I am having a hard time showing the other direction though.

One thing I think that might be useful in the proof is to multiply both sides of a^e == 1 mod m by a^(u-e) to obtain a^u == a^(u-e) mod m. If anyone has any hints, please let me know. Thanks.

Hint: Euclidean algorithm. Divide u by e with residue: $\displaystyle u =xe + r\,,\,\,with\,\,\,r=0\,\,\,or\,\,\,|r|<e$

now raise a to the u=th power and use minimality of e...

Tonio
• Oct 23rd 2009, 02:23 PM
proscientia
I’m not sure if the Euclidean algorithm works here (but I could be wrong).

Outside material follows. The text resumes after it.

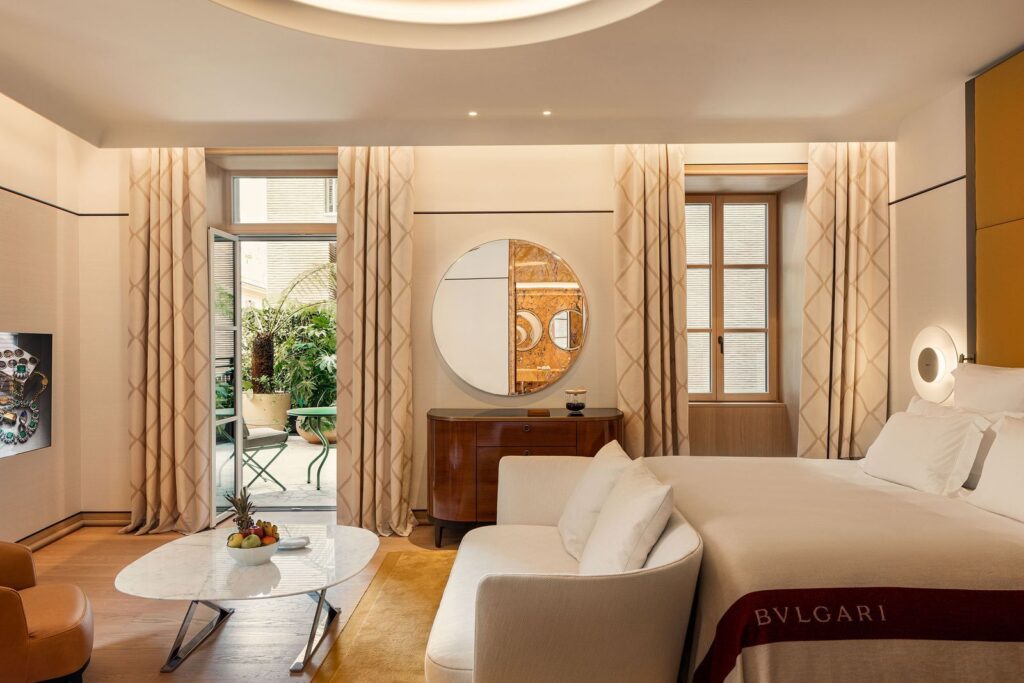 Bulgari Hotel Roma chambre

Do you know group theory? The problem is very simple if you consider the multiplicative group $\displaystyle \mathbb Z_m^\times$ of the units of the ring $\displaystyle \mathbb Z_m$ of integers modulo $\displaystyle m.$ Then if $\displaystyle e$ is the smallest positive integer such that $\displaystyle a^e\equiv1\pmod m,$ this means $\displaystyle a\in\mathbb Z_m^\times$ has order $\displaystyle e$ in $\displaystyle \mathbb Z_m^\times$ – and the rest is just group theory.
• Oct 23rd 2009, 04:14 PM
tonio
Quote:

Originally Posted by proscientia
I’m not sure if the Euclidean algorithm works here (but I could be wrong).

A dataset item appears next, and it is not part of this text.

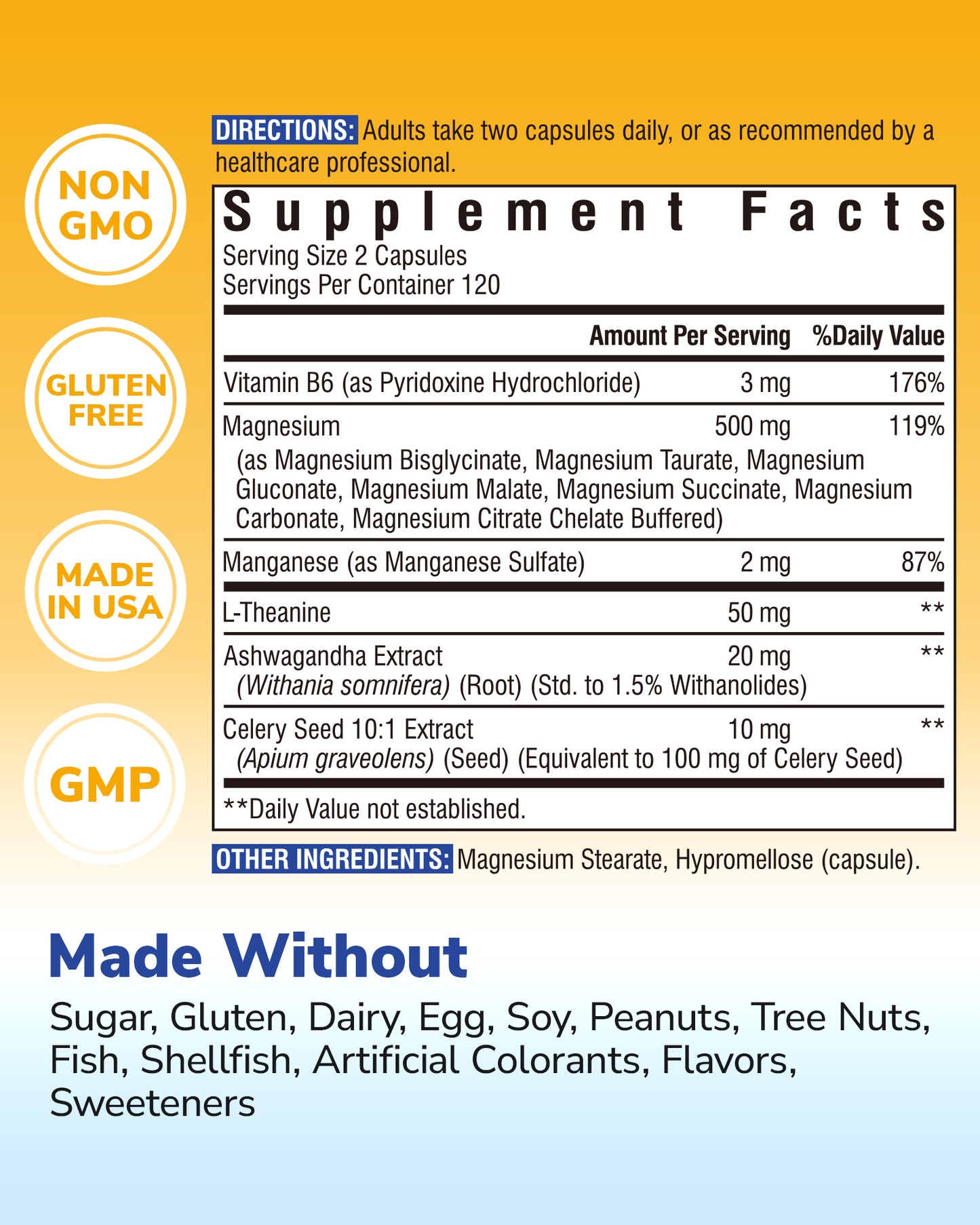 Magnesium 500 mg Complex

Do you know group theory? The problem is very simple if you consider the multiplicative group $\displaystyle \mathbb Z_m^\times$ of the units of the ring $\displaystyle \mathbb Z_m$ of integers modulo $\displaystyle m.$ Then if $\displaystyle e$ is the smallest positive integer such that $\displaystyle a^e\equiv1\pmod m,$ this means $\displaystyle a\in\mathbb Z_m^\times$ has order $\displaystyle e$ in $\displaystyle \mathbb Z_m^\times$ – and the rest is just group theory.

$\displaystyle u=xe+r \Longrightarrow 1=a^u=a^{xe+r}=\left(a^e\right)^xa^r=a^r \Longrightarrow r=0$ $\displaystyle by\,\,minimality\,\,of\,\,e\,\,\Longrightarrow e \mid u$ and we're done, and no group theory at all was needed.

Tonio